- Supplied information -
---

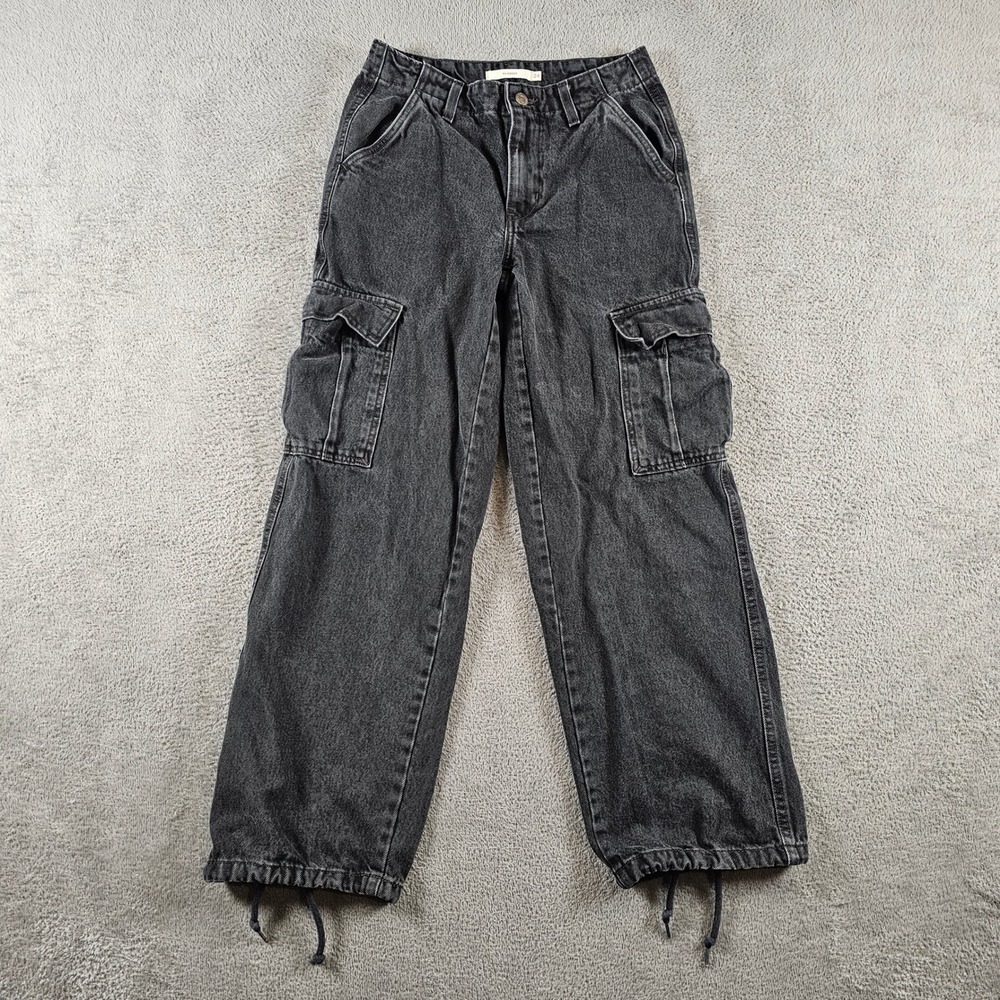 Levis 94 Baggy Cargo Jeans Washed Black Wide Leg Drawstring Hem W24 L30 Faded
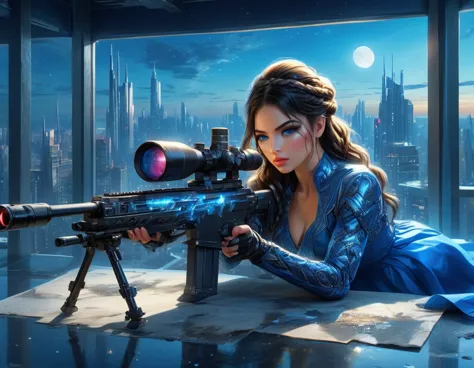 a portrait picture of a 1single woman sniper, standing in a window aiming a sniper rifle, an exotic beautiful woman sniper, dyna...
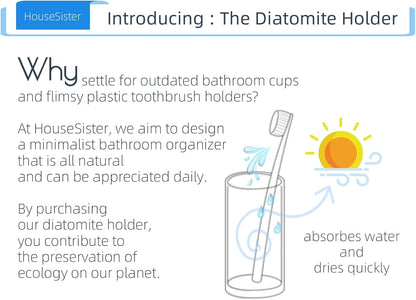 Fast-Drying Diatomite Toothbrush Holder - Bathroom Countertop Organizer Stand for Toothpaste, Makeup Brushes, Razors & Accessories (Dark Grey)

---

- About this exercise -
Could you write out exactly the lines running from the one with "a portrait picture" through the last line of the data above, both ends kept, and omit any picture?

- Task answer -
 a portrait picture of a 1single woman sniper, standing in a window aiming a sniper rifle, an exotic beautiful woman sniper, dyna...
 Fast-Drying Diatomite Toothbrush Holder - Bathroom Countertop Organizer Stand for Toothpaste, Makeup Brushes, Razors & Accessories (Dark Grey)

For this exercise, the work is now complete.